*Required action*
Lines with the word "layer" in them are the ones to copy from the records.

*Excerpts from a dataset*
----------------
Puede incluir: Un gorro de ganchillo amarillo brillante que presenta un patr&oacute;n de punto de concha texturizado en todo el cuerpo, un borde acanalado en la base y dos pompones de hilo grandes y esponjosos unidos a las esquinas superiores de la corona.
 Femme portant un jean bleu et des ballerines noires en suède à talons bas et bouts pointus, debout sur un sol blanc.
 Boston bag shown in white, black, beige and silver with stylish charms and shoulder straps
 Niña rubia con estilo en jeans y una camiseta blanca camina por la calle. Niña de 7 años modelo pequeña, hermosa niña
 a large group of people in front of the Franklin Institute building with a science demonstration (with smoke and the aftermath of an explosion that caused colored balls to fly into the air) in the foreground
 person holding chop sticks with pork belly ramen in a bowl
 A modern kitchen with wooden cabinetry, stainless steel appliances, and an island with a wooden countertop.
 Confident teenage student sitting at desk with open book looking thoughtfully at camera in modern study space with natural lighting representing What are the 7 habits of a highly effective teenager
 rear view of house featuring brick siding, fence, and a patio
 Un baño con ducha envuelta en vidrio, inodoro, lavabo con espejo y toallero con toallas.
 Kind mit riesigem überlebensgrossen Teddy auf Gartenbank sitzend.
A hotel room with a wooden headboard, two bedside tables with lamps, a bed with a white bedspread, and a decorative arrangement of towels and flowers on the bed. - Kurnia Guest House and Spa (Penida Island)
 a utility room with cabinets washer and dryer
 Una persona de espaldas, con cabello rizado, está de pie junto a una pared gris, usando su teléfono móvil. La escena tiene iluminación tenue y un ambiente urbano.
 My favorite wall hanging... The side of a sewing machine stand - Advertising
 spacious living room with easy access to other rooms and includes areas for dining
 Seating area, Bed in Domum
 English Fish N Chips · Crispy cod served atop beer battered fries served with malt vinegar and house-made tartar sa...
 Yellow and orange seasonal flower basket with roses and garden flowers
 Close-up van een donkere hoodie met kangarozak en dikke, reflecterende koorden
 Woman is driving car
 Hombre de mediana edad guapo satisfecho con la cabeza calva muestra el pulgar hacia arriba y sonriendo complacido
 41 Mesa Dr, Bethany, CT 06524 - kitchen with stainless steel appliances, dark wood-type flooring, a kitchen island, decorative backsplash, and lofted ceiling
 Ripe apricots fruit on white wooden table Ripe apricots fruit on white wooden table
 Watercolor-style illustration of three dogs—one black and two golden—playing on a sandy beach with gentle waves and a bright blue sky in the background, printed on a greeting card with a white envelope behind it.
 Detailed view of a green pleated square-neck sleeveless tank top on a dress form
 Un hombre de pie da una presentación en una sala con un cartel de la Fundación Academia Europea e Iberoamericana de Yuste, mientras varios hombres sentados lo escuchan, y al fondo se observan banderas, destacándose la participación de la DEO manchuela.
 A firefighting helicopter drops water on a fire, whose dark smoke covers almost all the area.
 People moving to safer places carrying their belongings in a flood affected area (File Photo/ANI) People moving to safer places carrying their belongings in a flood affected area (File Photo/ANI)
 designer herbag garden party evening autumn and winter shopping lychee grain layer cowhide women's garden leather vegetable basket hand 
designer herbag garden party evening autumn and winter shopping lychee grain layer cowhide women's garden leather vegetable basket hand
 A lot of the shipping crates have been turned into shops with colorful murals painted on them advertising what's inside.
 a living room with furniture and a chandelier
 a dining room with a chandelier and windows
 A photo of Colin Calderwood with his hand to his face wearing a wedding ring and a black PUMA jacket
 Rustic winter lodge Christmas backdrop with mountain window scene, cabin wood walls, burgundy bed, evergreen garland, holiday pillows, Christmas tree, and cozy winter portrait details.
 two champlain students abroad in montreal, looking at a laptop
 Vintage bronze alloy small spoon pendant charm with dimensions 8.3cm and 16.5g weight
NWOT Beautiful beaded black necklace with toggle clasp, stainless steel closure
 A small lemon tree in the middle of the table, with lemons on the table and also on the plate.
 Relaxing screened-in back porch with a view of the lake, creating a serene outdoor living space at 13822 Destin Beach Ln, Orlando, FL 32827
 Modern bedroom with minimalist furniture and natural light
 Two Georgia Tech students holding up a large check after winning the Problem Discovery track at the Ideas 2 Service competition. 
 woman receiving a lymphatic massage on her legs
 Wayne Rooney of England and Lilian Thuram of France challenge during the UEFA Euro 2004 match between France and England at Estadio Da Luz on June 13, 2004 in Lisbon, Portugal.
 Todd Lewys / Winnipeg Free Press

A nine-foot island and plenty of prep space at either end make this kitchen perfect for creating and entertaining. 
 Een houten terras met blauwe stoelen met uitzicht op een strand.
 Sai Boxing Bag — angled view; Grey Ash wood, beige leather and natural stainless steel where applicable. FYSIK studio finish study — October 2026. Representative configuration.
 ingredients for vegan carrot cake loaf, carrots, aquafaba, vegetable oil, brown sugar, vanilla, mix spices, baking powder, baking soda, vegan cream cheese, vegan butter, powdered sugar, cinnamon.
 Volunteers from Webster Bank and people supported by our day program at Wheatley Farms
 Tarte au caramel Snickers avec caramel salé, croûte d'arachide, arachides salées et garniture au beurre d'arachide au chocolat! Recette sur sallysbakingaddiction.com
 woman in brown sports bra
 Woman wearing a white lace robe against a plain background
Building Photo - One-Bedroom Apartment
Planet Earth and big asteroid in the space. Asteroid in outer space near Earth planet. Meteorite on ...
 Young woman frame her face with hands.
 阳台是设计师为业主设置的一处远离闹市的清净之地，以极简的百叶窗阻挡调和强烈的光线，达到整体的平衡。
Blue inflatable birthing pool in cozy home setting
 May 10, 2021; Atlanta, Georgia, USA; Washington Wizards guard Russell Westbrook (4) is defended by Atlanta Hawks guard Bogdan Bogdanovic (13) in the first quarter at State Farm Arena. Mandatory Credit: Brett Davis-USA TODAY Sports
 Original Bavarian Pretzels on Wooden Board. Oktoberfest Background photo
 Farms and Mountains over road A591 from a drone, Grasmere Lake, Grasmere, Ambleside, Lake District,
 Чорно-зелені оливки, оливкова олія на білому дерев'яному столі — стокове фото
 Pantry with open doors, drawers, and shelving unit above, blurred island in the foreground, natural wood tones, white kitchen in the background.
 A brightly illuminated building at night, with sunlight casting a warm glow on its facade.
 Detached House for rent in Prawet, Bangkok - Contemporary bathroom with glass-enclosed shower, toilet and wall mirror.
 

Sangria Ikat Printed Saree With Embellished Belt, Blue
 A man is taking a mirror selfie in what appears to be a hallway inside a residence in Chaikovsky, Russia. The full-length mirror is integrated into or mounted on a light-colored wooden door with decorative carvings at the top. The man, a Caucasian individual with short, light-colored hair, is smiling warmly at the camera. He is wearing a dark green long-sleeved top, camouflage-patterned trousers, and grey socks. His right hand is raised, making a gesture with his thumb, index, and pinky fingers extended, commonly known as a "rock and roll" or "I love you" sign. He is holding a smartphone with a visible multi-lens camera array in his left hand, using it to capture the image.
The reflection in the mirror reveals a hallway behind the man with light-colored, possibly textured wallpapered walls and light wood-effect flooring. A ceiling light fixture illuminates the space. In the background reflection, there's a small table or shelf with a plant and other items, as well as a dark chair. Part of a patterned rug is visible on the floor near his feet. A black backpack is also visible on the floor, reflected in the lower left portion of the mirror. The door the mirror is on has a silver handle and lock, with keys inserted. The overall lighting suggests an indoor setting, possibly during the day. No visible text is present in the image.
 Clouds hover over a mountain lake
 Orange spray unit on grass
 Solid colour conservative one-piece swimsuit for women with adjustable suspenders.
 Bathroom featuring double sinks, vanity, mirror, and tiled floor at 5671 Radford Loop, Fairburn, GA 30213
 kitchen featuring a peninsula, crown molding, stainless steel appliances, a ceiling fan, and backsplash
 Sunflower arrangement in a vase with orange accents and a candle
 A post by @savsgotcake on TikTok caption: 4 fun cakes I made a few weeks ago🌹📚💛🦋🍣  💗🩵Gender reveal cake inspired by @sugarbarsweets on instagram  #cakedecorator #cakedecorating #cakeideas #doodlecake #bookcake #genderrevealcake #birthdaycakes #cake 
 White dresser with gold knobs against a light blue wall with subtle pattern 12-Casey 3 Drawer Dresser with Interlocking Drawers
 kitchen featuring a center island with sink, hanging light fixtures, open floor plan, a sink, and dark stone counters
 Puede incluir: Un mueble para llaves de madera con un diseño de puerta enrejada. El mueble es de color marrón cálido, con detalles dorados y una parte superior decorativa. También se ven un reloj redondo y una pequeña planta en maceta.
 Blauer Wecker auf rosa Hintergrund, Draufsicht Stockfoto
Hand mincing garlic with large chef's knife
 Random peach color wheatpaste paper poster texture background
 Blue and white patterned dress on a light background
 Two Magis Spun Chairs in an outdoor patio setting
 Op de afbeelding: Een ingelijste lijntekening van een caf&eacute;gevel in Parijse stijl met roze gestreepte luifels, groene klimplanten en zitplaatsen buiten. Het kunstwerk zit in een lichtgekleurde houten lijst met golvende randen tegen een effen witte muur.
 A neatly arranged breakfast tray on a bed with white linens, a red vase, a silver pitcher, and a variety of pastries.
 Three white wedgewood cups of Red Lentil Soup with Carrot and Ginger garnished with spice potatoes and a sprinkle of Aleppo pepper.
----------------
*Your solution*
 designer herbag garden party evening autumn and winter shopping lychee grain layer cowhide women's garden leather vegetable basket hand 
designer herbag garden party evening autumn and winter shopping lychee grain layer cowhide women's garden leather vegetable basket hand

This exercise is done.